Set in a fictional eighties’ London, this often torturous tale winds its tedious way around the moral dilemmas surrounding artificial intelligence as Charlie debates the rights and wrongs of practically every action he and Adam take together while the vacuous Miranda thinks nothing of bedding the robot when the fancy takes her.

McEwan has painstakingly researched the eighties and is anxious to share the fruits of his labour with his readers, but the story is bogged down time and time again by page after page of minutiae as the author recounts every trivial fact that he has unearthed. Oddly, though, there is no feeling at all of eighties zeitgeist or the plastic-card-happy economy that prevailed in the London of that era. Charlie, it’s true, wheels and deals – fairly unsuccessfully – on the stock market, but only goes on a spending spree when the robot takes over and makes him money (never once thinking to just use his Barclaycard) and both he and Miranda bear little resemblance to their true-life Southern incarnations from the heady Thatcherite years.

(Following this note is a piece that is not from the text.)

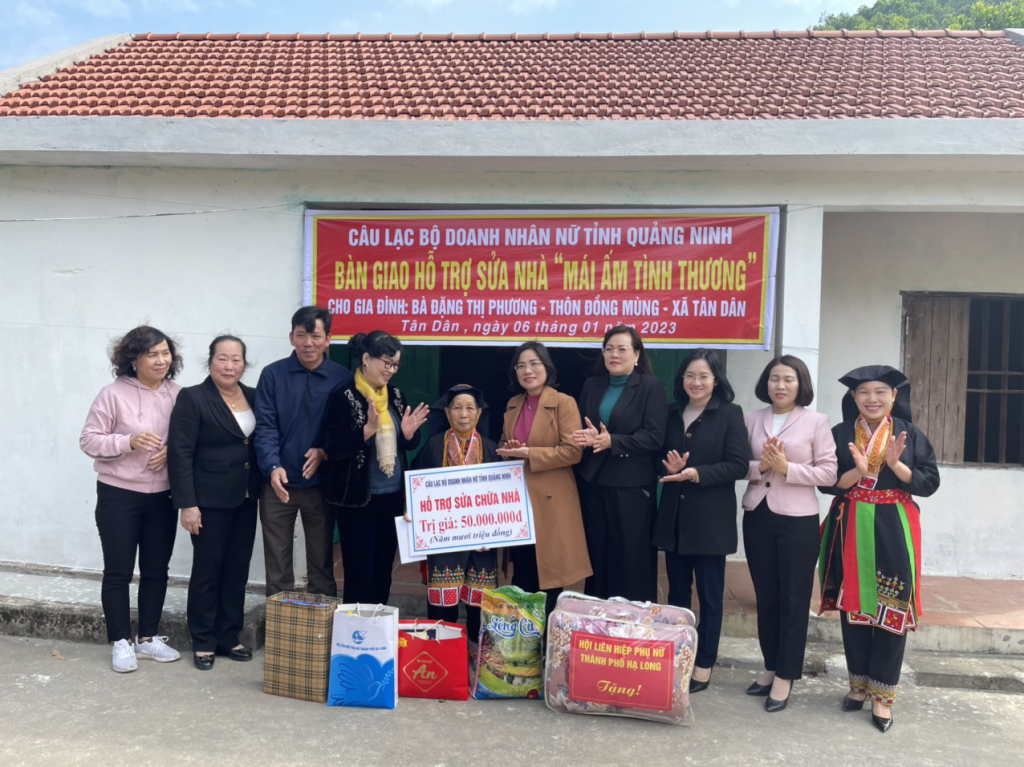 Đồng chí Nguyễn Thị Thủy - Phó Chủ tịch Hội LHPN tỉnh thăm, chúc Tết và tặng quà bà Đặng Thị Phương tại  xã Tân Dân, TP Hạ Long.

There is a powerful and beautiful novelette lurking within the crammed pages of this verbose tome. The character of Adam is beautifully realised and his scenes remind us that we are indeed in the presence of the literary genius who brought us such fine works as The Cement Garden and Atonement, but the constant diversions into fictional eighties politics and the slavish adulation of Alan Turing – who makes an awkward cameo appearance in the latter half of the novel – bog down the narrative and spoil what could have been a beautifully original story.